### EXCERPTED RECORDS

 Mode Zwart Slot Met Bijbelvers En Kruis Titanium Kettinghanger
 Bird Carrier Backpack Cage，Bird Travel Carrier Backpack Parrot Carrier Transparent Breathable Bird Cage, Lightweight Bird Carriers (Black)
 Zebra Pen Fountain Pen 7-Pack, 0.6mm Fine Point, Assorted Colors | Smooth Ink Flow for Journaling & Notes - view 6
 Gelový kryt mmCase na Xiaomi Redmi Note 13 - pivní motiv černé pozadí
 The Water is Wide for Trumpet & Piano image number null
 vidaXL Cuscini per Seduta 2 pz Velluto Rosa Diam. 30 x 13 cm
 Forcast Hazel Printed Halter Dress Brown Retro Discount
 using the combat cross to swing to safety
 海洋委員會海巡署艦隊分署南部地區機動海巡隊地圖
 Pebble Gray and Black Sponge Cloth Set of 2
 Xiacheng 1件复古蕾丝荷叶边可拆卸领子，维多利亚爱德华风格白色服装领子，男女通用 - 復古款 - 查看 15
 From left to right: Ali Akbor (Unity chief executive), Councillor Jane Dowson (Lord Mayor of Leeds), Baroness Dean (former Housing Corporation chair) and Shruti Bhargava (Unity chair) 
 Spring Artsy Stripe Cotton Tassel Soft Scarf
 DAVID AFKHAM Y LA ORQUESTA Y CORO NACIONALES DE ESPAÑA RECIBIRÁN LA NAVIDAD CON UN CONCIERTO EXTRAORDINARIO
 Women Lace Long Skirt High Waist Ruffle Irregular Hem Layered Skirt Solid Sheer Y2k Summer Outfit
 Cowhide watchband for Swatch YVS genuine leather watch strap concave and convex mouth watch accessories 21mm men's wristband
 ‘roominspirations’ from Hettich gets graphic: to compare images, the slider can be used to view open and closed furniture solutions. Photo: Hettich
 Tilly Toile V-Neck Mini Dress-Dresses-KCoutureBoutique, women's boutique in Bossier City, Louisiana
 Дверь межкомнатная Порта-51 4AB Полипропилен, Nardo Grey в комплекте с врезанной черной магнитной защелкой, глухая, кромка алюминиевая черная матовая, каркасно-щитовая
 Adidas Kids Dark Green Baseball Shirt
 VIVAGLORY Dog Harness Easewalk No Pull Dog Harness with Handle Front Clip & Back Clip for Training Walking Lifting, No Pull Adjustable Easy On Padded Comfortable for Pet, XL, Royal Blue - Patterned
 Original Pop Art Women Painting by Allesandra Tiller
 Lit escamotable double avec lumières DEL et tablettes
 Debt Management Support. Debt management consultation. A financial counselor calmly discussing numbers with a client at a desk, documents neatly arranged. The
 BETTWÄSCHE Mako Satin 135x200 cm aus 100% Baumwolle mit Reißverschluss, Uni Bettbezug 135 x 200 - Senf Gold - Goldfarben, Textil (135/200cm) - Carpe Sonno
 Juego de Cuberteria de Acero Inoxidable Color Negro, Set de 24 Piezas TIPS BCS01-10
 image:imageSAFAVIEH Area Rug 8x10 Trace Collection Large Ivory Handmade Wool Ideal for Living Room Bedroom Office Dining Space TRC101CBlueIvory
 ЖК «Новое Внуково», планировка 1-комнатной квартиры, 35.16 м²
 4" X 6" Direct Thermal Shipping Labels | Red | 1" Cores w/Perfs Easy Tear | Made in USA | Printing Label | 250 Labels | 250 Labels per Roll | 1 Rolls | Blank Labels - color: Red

### ACTIVITY
Look in the material above for the line with "Original Pop Art" and the line with "Debt Management Support.", and transcribe exactly those lines and all lines between them, nothing more.

### ANSWER AREA
 Original Pop Art Women Painting by Allesandra Tiller
 Lit escamotable double avec lumières DEL et tablettes
 Debt Management Support. Debt management consultation. A financial counselor calmly discussing numbers with a client at a desk, documents neatly arranged. The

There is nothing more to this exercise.